We all need to find out what the facts are, and promote a healthy lifestyle, and a healthy diet. But we should be mindful, that our market is being eroded. ANd we should put the correct research there, and not just lose because we did not put our money or resources to the research.

Recommendation 8: Sugar and health, nutrition research


Now we know that ethanol is very versatile, and it can be used for transportation, drinking, and the manufacture of chemicals and pharmaceuticals.

We are here in Belgaum, and I did an analysis of the petrol consumption here. In Belgaum, petrol consumption is 1010.5 KL/month. Or 10 million litres per month, so 1.2 billion litres per year. Or, 12 crore litres per year. The amount of cane crushed in Belgaum district is 79 million tons. At the approximation of about 10 litres of ethanol per ton of cane crushed (assuming that ethanol is only made from molasses), we can have the production of about 8 crore litres of ethanol per year.

Litre for litre, that is 65% of the petrol consumption, and in terms of energy value (since ethanol as 67% of the energy value as petrol), about 40% of the petrol consumption. This means, that at current levels of consumption, if we followed the Brazilian model, where all ethanol, or a percentage of this, could be used as a fuel in the vehicles, we could meet 40% of the need of petrol consumption in this district.

Recommendation 9: Working with auto companies to enable wider use of ethanol as a fuel

Biogas is also produced as a product of bio-methanation. This could also be converted into a transport fuel.

Recommendation 10: Biogas as a fuel

Petrol prices in Belgavi are Rs. 63 per litre. In energy value, this is equivalent to Rs. 42 per litre. Could we not, as the sugar industry be allowed to sell ethanol as a fuel into the market. The demand for petrol is growing, will this demand only be met from imports. When we talk of a circular economy, can we not draw a boundary around what we have.

Many say, where will the ethanol come from. I think we have to take a wider view. Are we going to assume that the productivity of cane will remain static. We are all aware, that in smaller plots, cane yields of over 200 tons/hectare have been witnessed by many of us. Can we not, then target a yield of 125 tons per hectare as an average? There is much happening in the field of cellulosic ethanol. Maybe, in the future, there can be a drop-in conversion costs of converting bagasse to sugars. Coupled with lower steam on cane percentages, the higher bagasse savings can be converted to cellulosic ethanol.
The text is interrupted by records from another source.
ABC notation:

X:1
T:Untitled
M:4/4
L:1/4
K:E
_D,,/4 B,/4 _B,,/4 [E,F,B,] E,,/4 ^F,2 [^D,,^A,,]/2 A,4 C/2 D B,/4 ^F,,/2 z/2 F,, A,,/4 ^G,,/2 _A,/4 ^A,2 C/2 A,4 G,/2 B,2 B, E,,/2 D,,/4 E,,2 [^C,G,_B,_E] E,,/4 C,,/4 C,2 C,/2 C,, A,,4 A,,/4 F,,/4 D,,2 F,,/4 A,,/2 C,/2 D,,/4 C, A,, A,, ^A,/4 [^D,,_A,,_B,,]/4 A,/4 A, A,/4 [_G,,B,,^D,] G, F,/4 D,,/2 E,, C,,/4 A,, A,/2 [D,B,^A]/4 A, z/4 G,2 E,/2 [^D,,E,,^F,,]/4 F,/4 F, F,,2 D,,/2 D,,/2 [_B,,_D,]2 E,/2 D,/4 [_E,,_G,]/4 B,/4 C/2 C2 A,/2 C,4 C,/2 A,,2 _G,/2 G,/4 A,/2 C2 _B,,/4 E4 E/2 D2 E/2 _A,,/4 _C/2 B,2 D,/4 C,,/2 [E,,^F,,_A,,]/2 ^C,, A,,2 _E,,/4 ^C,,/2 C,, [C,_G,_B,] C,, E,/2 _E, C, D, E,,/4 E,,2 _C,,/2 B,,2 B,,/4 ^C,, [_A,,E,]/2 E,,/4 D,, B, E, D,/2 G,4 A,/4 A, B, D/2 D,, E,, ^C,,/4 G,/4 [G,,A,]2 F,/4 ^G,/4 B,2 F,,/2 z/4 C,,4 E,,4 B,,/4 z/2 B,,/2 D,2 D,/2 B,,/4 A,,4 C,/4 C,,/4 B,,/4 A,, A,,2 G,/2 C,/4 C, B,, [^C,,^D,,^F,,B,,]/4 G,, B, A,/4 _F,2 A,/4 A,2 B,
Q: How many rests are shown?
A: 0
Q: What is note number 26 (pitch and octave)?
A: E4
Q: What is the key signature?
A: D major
Or, the electricity generation can also be used to power transportation. I have just returned from the USA. My friend has a Tesla. Volvo has just announced, that it will fully transition to electric or hybrid vehicles. At so many places in California, there are electricity charging stations.

Other products

On this same trip, I was at San Fransisco airport, there was 2 bins at the airport for trash. One that said ‘recyle bottles and cans’, and the other for ‘composting’. And the sign above it said, almost everything that you purchase here is compostable. Once again, a circular economy. From the earth, back to the earth.

Like compostable utensils from bagasse, or other agricultural residues, much work is happening in bio polymers, bio chemicals, and also using synthetic biology to convert sugars to high value compounds. The possibilities are endless.

We have to transition to a cleaner and a more renewable future, and must certainly, a sustainable future. One that is a more self-contained economy.

Our past has laid the strong foundations. Let us chart out and build a futuristic path.